C'est toutefois au sujet du Tribunal spécial pour le Liban (TSL) que l'ancienne opposition a provoqué la démission du gouvernement Hariri. Dans la déclaration ministérielle adoptée le 10 décembre, le gouvernement d'union nationale avait donné son soutien aux travaux du TSL (institué par la résolution 1757 de mai 2007), principalement chargé de faire la lumière sur l'attentat commis contre l'ancien Premier ministre Rafic Hariri, le 14 février 2005. Le procureur, Daniel Bellemarre a transmis au juge de la mise en état un premier acte d'accusation le 17 janvier 2011. Dans les mois qui ont précédé, les rumeurs n'ont cessé de se multiplier dans la presse à ce sujet. Le Hezbollah estime qu'il sera visé par ces actes d'accusation et appelle, depuis l'été, à une interruption de la coopération entre le Liban et le TSL qu'il présente comme un complot contre lui. Le refus de la majorité de céder aux demandes de l'opposition a provoqué, depuis l'automne 2010, le blocage du Conseil des ministres. Cette crise politique s'est précipitée mi-janvier 2011. Après l'annonce, le 11 janvier, de la fin de la médiation syro-saoudienne qui était chargée, à la suite de la visite conjointe à Beyrouth, le 30 juillet, des chefs d'Etat saoudien et syrien, d'aider les parties à trouver un accord, les ministres de l'opposition ont provoqué le 12 janvier la chute du gouvernement d'union nationale.

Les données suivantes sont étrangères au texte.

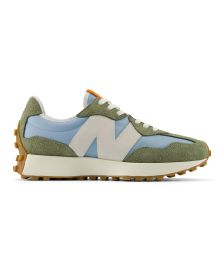 Zapatillas New Balance 327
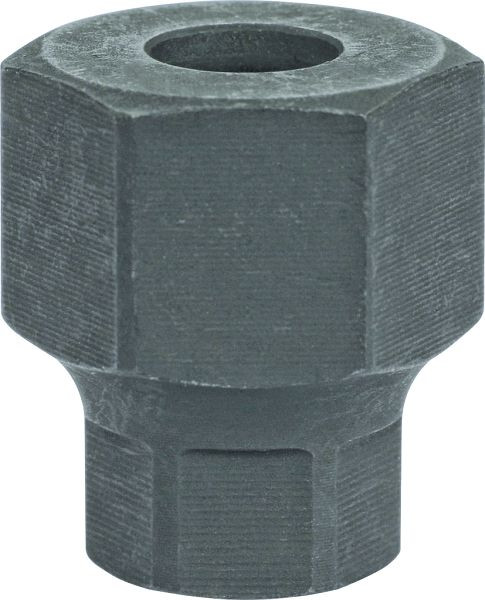 KS Tools 6-Kant Adapter Durchmesser 19 mm, 150.3202, 4042146513903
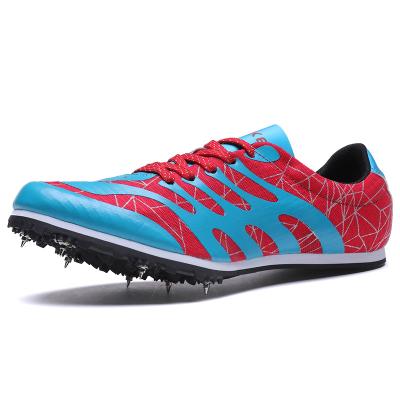 China TPU the fine quality running shoes 2021 professional athletic shoes for sale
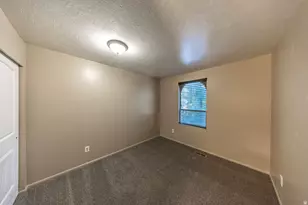 2569 N 700 E, North Ogden, UT 84414 - Photo 8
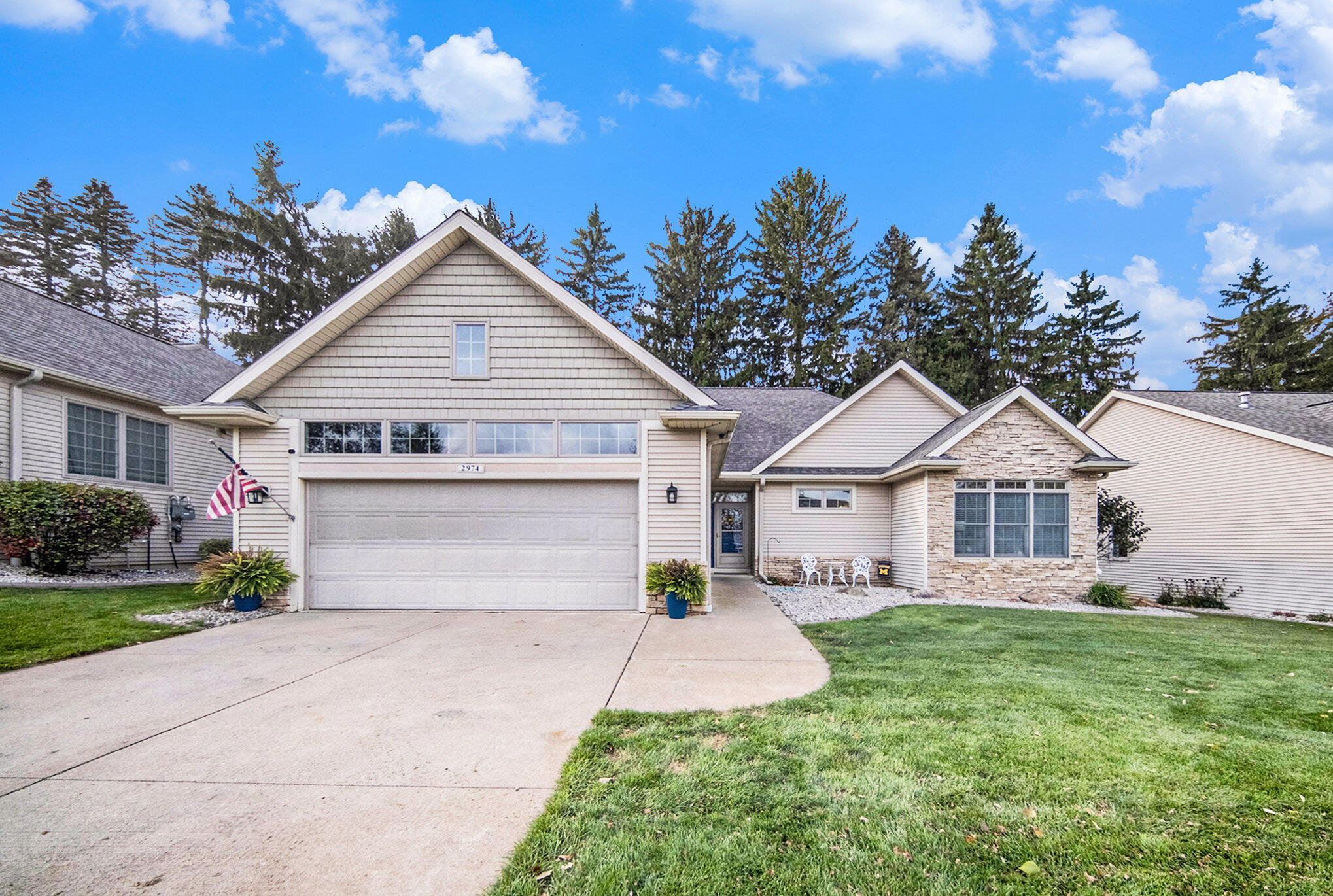 2974 Countryside Lane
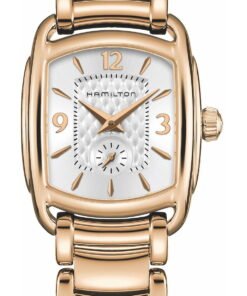 AMERICAN CLASSIC Bagley Quartz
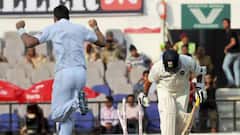 અચાનક ભારત-ઈંગ્લેન્ડ ઐતિહાસિક શ્રેણીનું નામ બદલાયું, સચિન તેંડુલકરના સાથે જોડાશે આ દિગ્ગજનું નામ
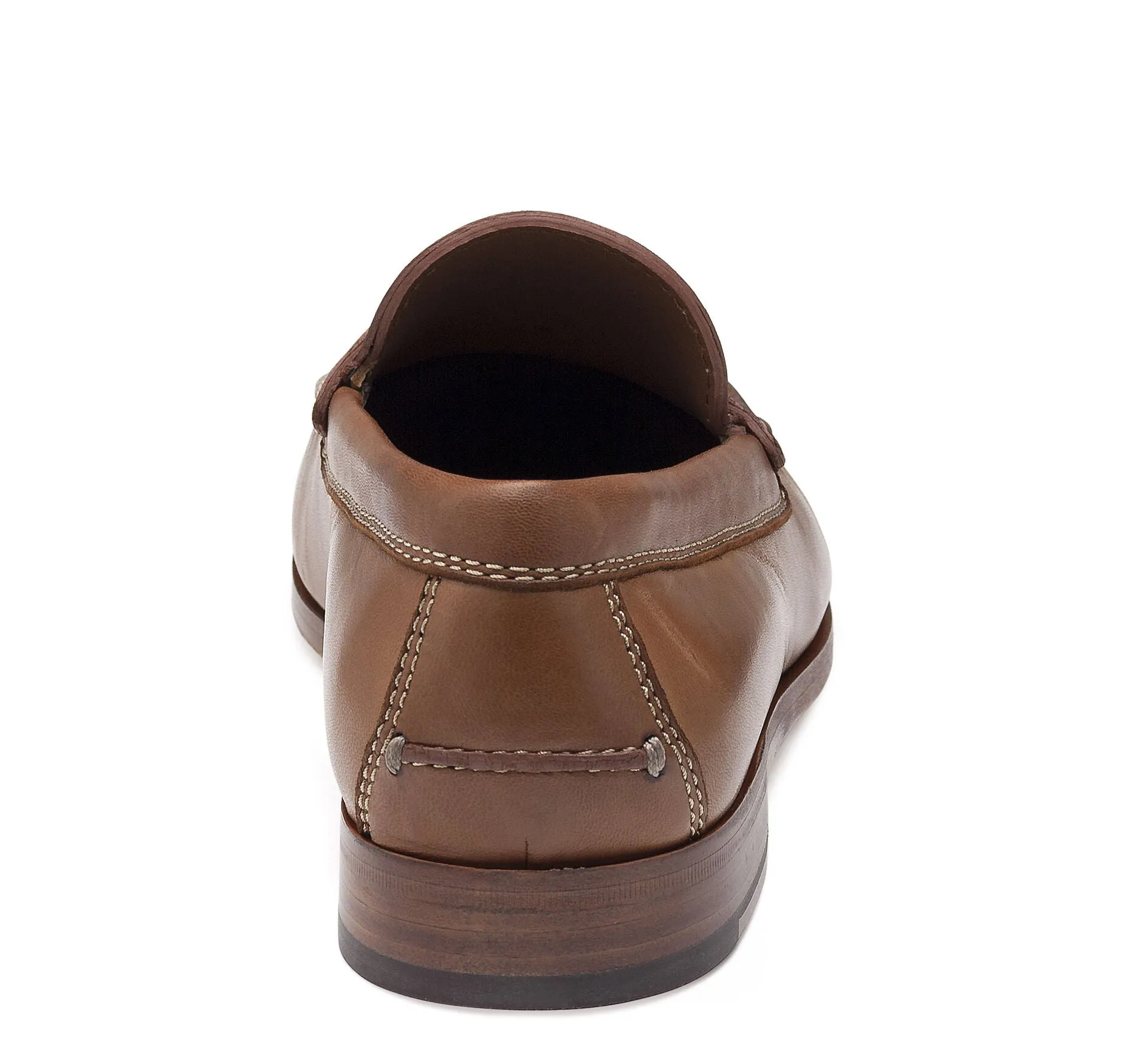 Baldwin Penny - Mens Penny Loafer
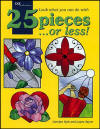 25pieces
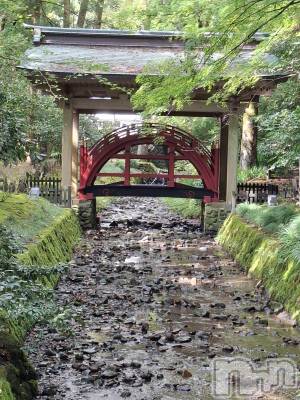 長岡デリヘル BIANCA～主人の知らない私～長岡店(ビアンカナガオカテン) 一ノ瀬　ゆま(36)の10月13日写メブログ「一ノ瀬ゆま」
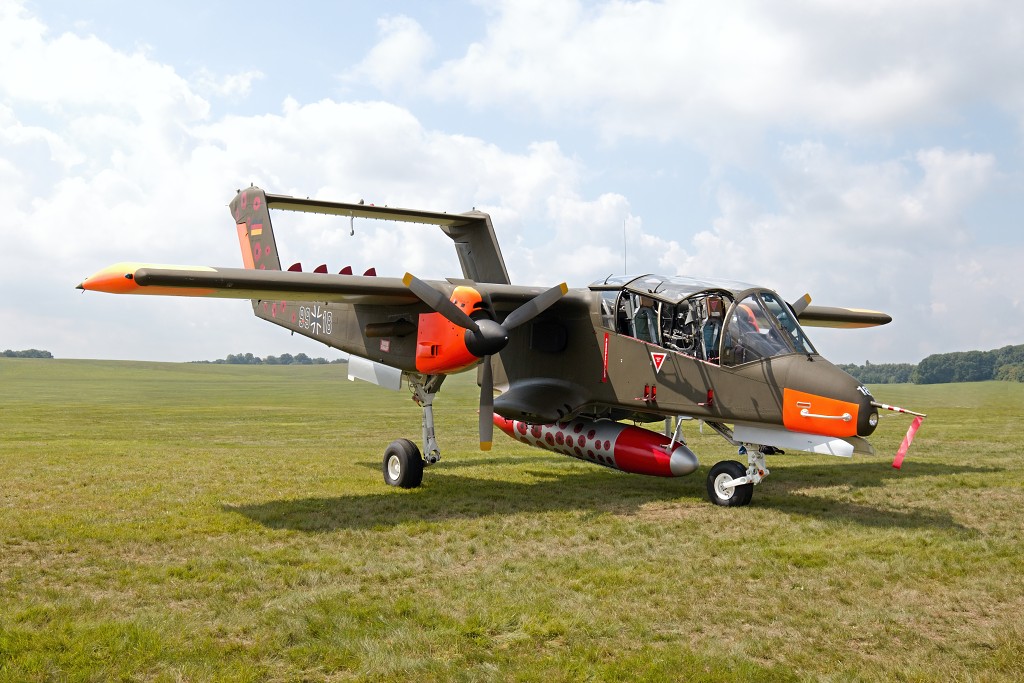 luchtvaart helicopter airforce hdr luchtmacht helikopter vliegtuig airshow vliegverkeer klm drone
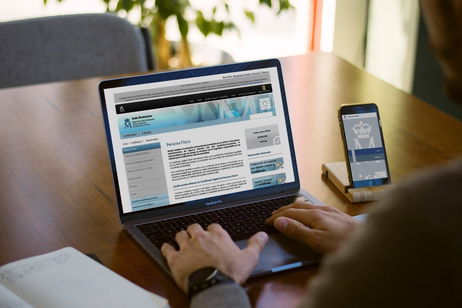 Cómo instalar un certificado digital de la FNMT en móvil u ordenador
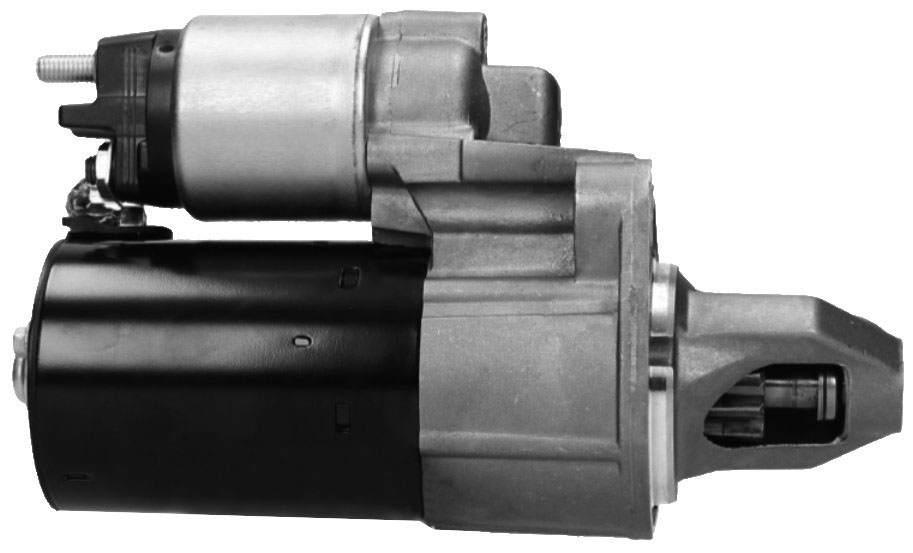 AC-CBS5889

Dans un climat de crainte d'un retour aux violences et de fortes pressions, les consultations parlementaires ont abouti à la désignation le 25 janvier de Nagib Mikati comme nouveau Premier ministre avec les voix du camp du 8 mars pro-syrien auxquelles se sont ajoutées une partie des voix du groupe de Walid Joumblatt et celles du Bloc tripolitain soit un total de 68 voix) qui s'est présenté contre Saad Hariri (60 voix).

Le 13 juin 2011, Nagib Mikati a annoncé la formation d'un nouveau gouvernement formé de 30 ministres :

- les deux tiers sont issus des partis qui forment l'alliance pro-syrienne du 8 mars (Courant patriotique libre du général Aoun, Marada chrétiens de Sleimane Frangie, Tachnag arménien, Hezbollah, Amal, PSNS notamment) ;

- un tiers des ministres réunit des partisans du Premier ministre Nagib Mikati, du chef druze du PSP Walid Joumblatt et des ministres proches du Président de la République Michel Sleimane.